Variational Quantum Reinforcement Learning via Evolutionary Optimization
This work addresses the problem of scaling quantum reinforcement learning for researchers in quantum computing and AI, though it is incremental as it builds on existing quantum and classical methods.
The paper tackles the challenge of performing reinforcement learning on quantum computers despite limited qubits by introducing two frameworks: amplitude encoding for the Cart-Pole problem and a hybrid TN-VQC architecture for high-dimensional inputs like the MiniGrid environment with 147 dimensions, demonstrating quantum advantage in parameter saving and enabling applications on noisy quantum devices.

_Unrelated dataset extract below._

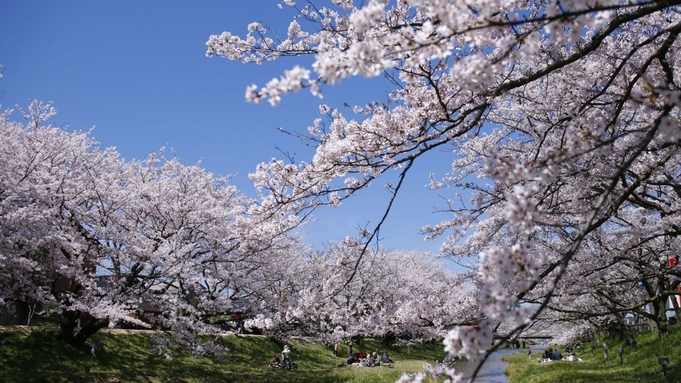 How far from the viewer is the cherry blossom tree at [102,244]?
11531mm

Recent advance in classical reinforcement learning (RL) and quantum computation (QC) points to a promising direction of performing RL on a quantum computer. However, potential applications in quantum RL are limited by the number of qubits available in the modern quantum devices. Here we present two frameworks of deep quantum RL tasks using a gradient-free evolution optimization: First, we apply the amplitude encoding scheme to the Cart-Pole problem; Second, we propose a hybrid framework where the quantum RL agents are equipped with hybrid tensor network-variational quantum circuit (TN-VQC) architecture to handle inputs with dimensions exceeding the number of qubits. This allows us to perform quantum RL on the MiniGrid environment with 147-dimensional inputs. We demonstrate the quantum advantage of parameter saving using the amplitude encoding. The hybrid TN-VQC architecture provides a natural way to perform efficient compression of the input dimension, enabling further quantum RL applications on noisy intermediate-scale quantum devices.